Катаев спал улыбаясь, как будто жил во сне совсем другой жизнью, которую ему не удалось прожить наяву, и я был счастлив, что хоть ненадолго помог ему в ней оказаться.
Кто сильней на этой картине?
У меня на стене переделкинской дачи висит картина. Кто бы ни приходил ко мне, картина гипнотически притягивает. Иногда нравится с первого взгляда, иногда заставляет задуматься: нравится она или не нравится. Иногда вызывает восторги, иногда ошарашивает, даже пугает.
Картина называется «День рождения с Рембрандтом». В темно-алых размывах то ли крови, то ли взвихренных пожаров — два художника, родившихся в один день, 15 июля, но один из них, Рембрандт, — в 1606 году в Лейдене, другой, автор картины Олег Целков, — в 1934 году в Москве. У того и у другого в руках бокалы, наполненные то ли красным вином, то ли пламенем истории. Русский наклонился к голландцу и что-то заговорщицки шепчет ему на ухо, а может быть, что-то спрашивает, да не просто, а поддевая, подкалывая. Озорная, но в то же время не очень-то веселая дьяволыцинка просверкивает в глазах русского, наделенного страшным превосходством знания всего того, что случилось на планете после смерти Рембрандта. Жуткая сила, живучесть есть в этом русском художнике, прошедшем школу магазинных очередей, коммунальных кухонь, битком набитых трамваев, школу страха перед ночным звонком в дверь, школу хрущевских криков на художников, школу разгрома выставки на пустыре бульдозерами при Брежневе, школу невыпускания за границу, невыставле-ния и непокупания картин, школу бесчисленных исключений, запрещений, угроз.

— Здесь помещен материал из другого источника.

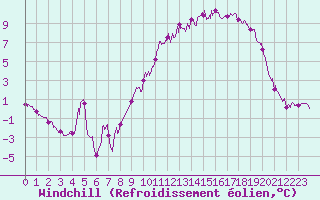 Courbe du refroidissement olien pour Pontoise - Cormeilles (95)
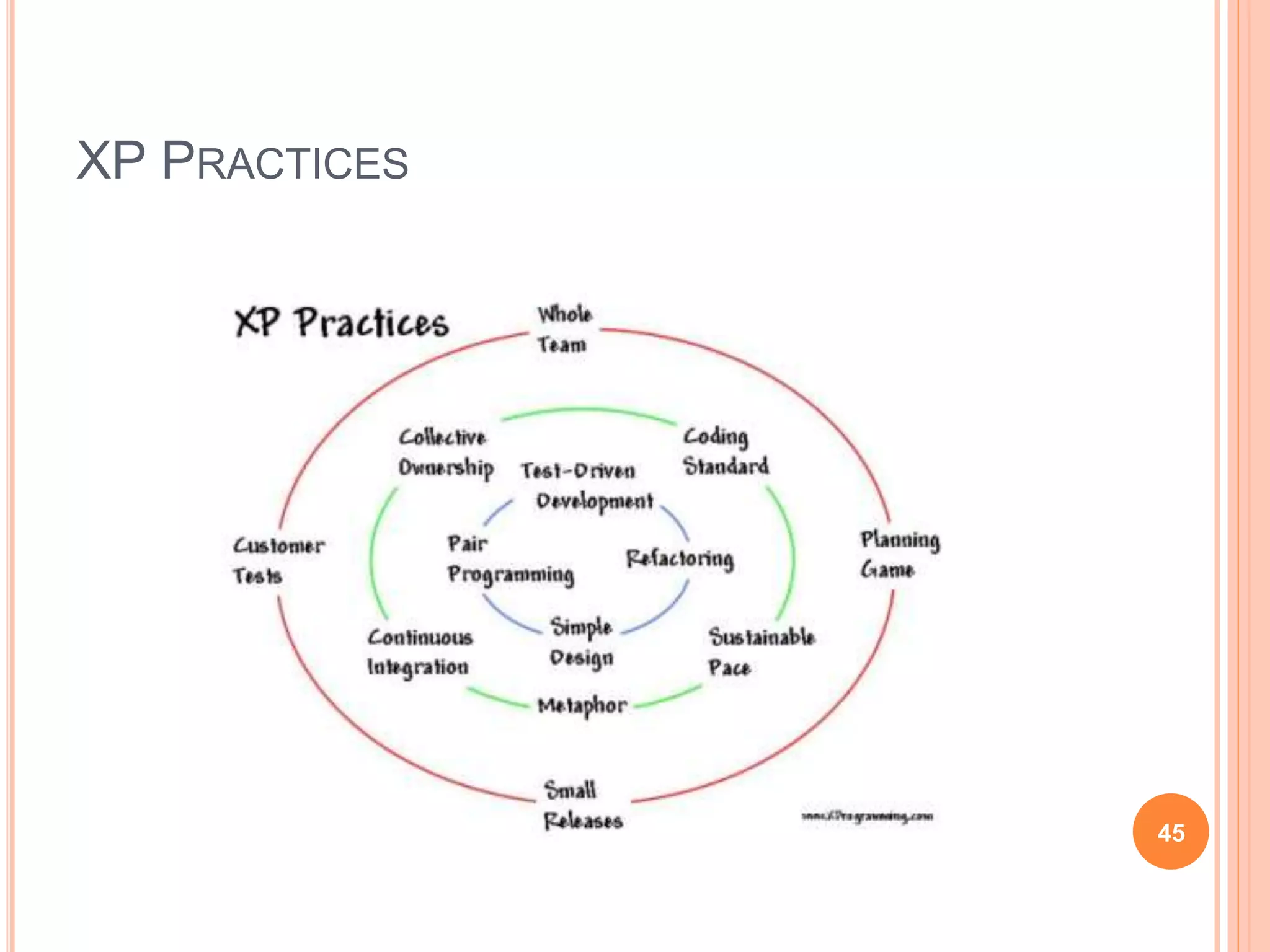 XP PRACTICES
45
 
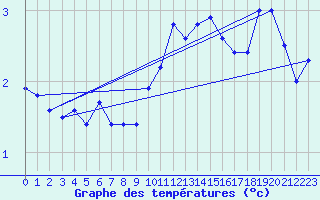 Courbe de tempratures pour Great Dun Fell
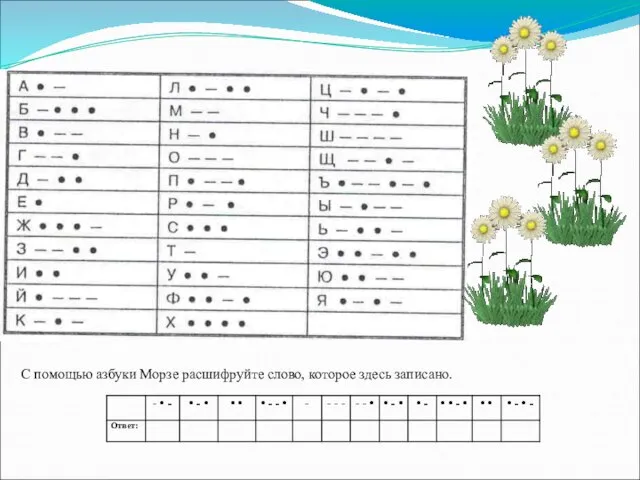 С помощью азбуки Морзе расшифруйте слово, которое здесь записано.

Рембрандт на целковской картине уже не тот, с колен которого так обворожительно улыбалась Саския, по его гениальной воле раз и навсегда повернувшаяся лицом ко всем будущим поколениям, но Рембрандт умирающий, который справляет свой последний день рождения вместе с русским странным художником, по волан-довскому мановению переместившимся во времени. Это Рембрандт, уже не добивающийся славы, а добившийся ее, но и презревший. Это Рембрандт, выдержавший и старость, и безденежье с не меньшим достоинством, чем молодость и деньги. Это Рембрандт, простивший жизни все, что она отобрала у него, за все, что она дала ему. Это Рембрандт, не опустившийся до хитрости, но и не отказавшийся от крестьянского колабрюньоновского лукавства.
Много раз я задавал сам себе вопрос: кто сильней на этой картине? Спрашивал и гостей. Лучший ответ дал, пожалуй, Габриэль Гарсиа Маркес: «Оба сильнее». Неплохо сказал и один грузинский гость, пожелавший остаться неизвестным: «Сильнее тот, кто бокал держит ниже». На картине ниже бокал держит старший. Но самое горькое в том, что почти никго из моих гостей (за исключением некоторых иностранцев и советских специалистов по живописи) не узнал, чьей кисти эта картина, а когда я называл фамилию Целкова, переспрашивали.